Oh, that is an oversimplification. There was more to building our GURPS characters than reinventing the AD&D wheels. Yet, after I had a few GURPS PCs, there tended to be a lot of similarities between them.
When I first started playing Wizard’s D&D “third edition”, I loved the fact that rather than limitations or restrictions, it usually gave trade-offs instead. In practice, though, it often amounted to the same thing. Having a choice between two very unequal choices isn’t really much of a choice. Despite the many more choices (versus AD&D), I don’t know that the number of suboptimal choices that I found enjoyable was much greater.
With all the prerequisites and such... Well, there are a few specific Fighter builds that the rules encourage. The archer, the power fighter, the finesse fighter, the mounted fighter. Sometimes I think they should’ve just included more classes rather than make us sift through the specifics of the rules and discover them.
And the designers tried very hard to balance these different builds against one another so that—at least in some sense—it didn’t matter which build you chose. In fact, the options often seem so well balanced to me that I’ll end up using dice to make choices when building 3e PCs.
(I’m intentionally not even touching on what supplements add to the equation, because I’m usually don’t use supplements.)
Ironically, so often when creating a character in a system that seems to promise building whatever character I want, I instead feel like the system is keeping me from building the character I want.
Now, this isn’t meant as a criticism of GURPS or 3e. I enjoy both games, and they have good points that aren’t salient to what I’m trying to get at here.
And what I’m trying to get at is... Why did I enjoy all my AD&D Fighters so much—and felt no two were the same—despite the fact they were all mechanically identical?
I think it is because the things that make a character interesting to me are not mechanical.
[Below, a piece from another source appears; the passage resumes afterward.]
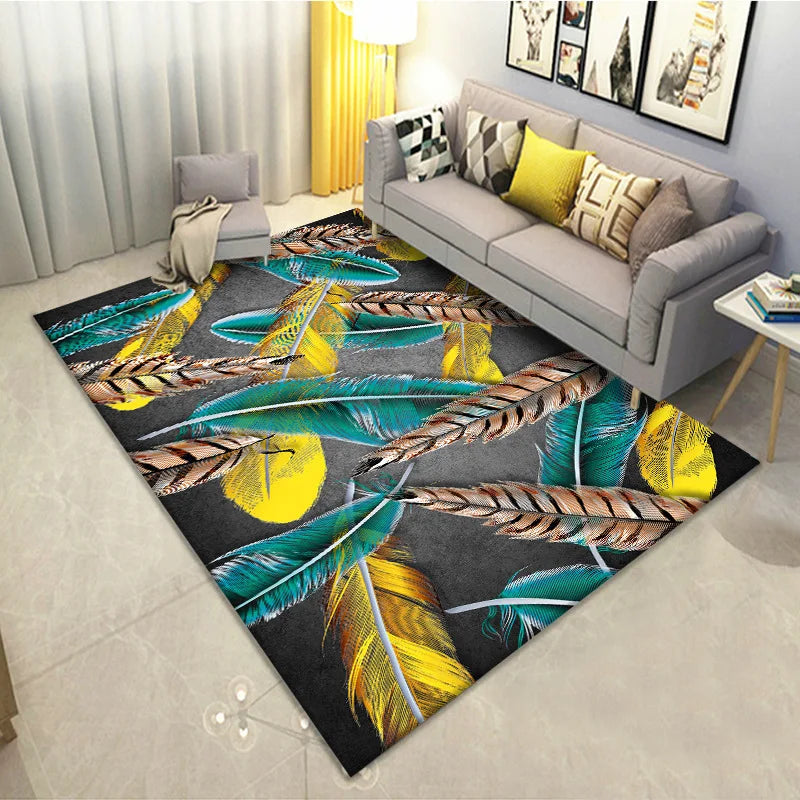Feather Print Velvety Home Carpets by Afralia™: Quality Rugs for Living Room and Bedroom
Adding mechanics for building characters can please the rule mechanic in me, but that is fleeting. In the long run, no mechanic is going to really make much of a difference in how I feel about the character or how much I enjoy playing it.
2 comments:
Wow! This really hit home.
Personally, I've always thought of GURPS as the Greatest RPG I've never played (because after all of the work that went into making a character there was no way I wanted to risk them getting wiped out on the first adventure).
Your observations on D&D Characters being mechanically the same and yet so different is dead on! Honestly, OD&D's 3 Archetypes (Fighting Man, Magic User and Cleric) can be used to create any of the other Classes. Simply by Roleplaying (as opposed to using dice to determine outcomes) any class can perform a Thief's abilities, a Ranger is simply a Fighting Man that does "Ranger Stuff" through Roleplaying and not Rolling against some table, a Druid is either a Cleric who calls upon some kind of Natural Deity or a Magic User who knows how to conjure up "Natural" kinds of spells. Etc.
Basically, all one needs are those 3 Archetypes and you can create just about any type of character class through roleplaying without having to create a separate class in and of itself.
Thanks. It’s always good to know when my rambling makes sense to someone else.
I do think GURPS is a great game. You should definitely give it a try if you ever get the chance.
Personally, I don’t so much say the classes let me create almost any character. Just that there’s an awful lot of characters to be explored within those classes. But, yeah, I’m all for taking a very broad view of classes.
In fact, even in AD&D or 3e, I don’t think I’ve ever played a Paladin, because I’ll just play a LG Fighter or a Cleric instead. Likewise, I’m more likely to play a Fighter, Thief, or Fighter/Thief instead of a Ranger.
Although, I sometimes like to play Druids as wizards.